Take Your Vitamins: Is Folate Important for Future Dads, Too?

Women have been encouraged to take folate supplements during pregnancy since the early 1990s, but a new study suggests that men may also need to avoid folate deficiency for the sake of their future children.

“Currently prevention of birth defects is directed at the mother yet the male contributes 50 percent of the heritable information,” says Sarah Kimmins, associate professor of reproductive biology at McGill University and principal investigator of a new study published December 2013 in Nature Communications. “This mode of thinking that it’s all up to the mother to ensure the health of the offspring is outdated, as research is suggesting that a father’s reproductive health may be equally as important.”

Image by Christoph Bock (Max Planck Institute for Informatics) (Own work) [CC-BY-SA-3.0 (http://creativecommons.org/licenses/by-sa/3.0)], via Wikimedia Commons

Image by Christoph Bock (Max Planck Institute for Informatics) (Own work) [CC-BY-SA-3.0 (http://creativecommons.org/licenses/by-sa/3.0)%5D, via Wikimedia Commons

In their study, Kimmins and her colleagues explored how reduced dietary folate, also known as folic acid or vitamin B9, might affect male mice and their offspring. Folate is known to influence DNA methylation, the addition of a group of atoms containing one carbon and three hydrogens to the region of a gene that determines whether it is turned on or off. Through changes in DNA methylation, environmental factors, such as diet, are capable of causing changes in gene expression without altering the genetic code. These changes, called epigenetic modifications, can be passed from one generation to the next.

“This epigenetic information is dynamic and, unlike your DNA, can be altered by what you eat, smoke, and possibly even fear and stress,” says Kimmins.

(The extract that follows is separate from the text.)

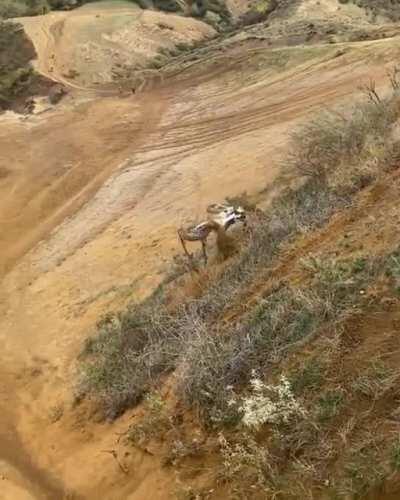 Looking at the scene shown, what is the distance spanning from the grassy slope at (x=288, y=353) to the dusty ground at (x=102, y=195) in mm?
520

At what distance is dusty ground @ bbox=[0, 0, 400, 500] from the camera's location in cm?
711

The authors first exposed male mice to either a folate-sufficient diet, with the normal amount of folate a mouse needs to be healthy, or a folate-deficient diet, with only 14 percent of the normal amount of folate, from before birth through adulthood.

They then examined the reproductive health of these males and found that the folate-deficient mice had reduced fertility and that their offspring were less likely to survive as embryos. Additionally, the offspring of folate-deficient mice displayed developmental abnormalities, ranging from skeletal malformations in the skull, spine and limbs to muscular defects.

They also found 57 gene regions with altered methylation in the sperm of folate-deficient mice. Interestingly, these changes occurred primarily in genes related to development, the function of the brain and other organs, as well as genes associated with cancer and neurological conditions, such as autism and schizophrenia.

Furthermore, these epigenetic changes were transferred to the next generation of mice. The authors found that hundreds of genes within the placentas from the offspring of folate-deficient mice were expressed differently from those of folate-sufficient mice. Importantly, two of these genes were part of the original group of 57 genes that demonstrated altered methylation patterns.

These findings suggest that the sperm epigenome may be modified by the paternal diet, and that the effects of these changes have the potential to be passed onto future offspring. However, a mechanism behind the effect of diet on sperm DNA methylation is not yet clear, and there is the potential for alternative explanations of the findings.

“It may be speculated that some of the developmental defects observed in their study can be the result of inappropriate cellular metabolism and not necessarily an affected methylome,” says Rocio Rivera, assistant professor of developmental epigenetics at the University of Missouri.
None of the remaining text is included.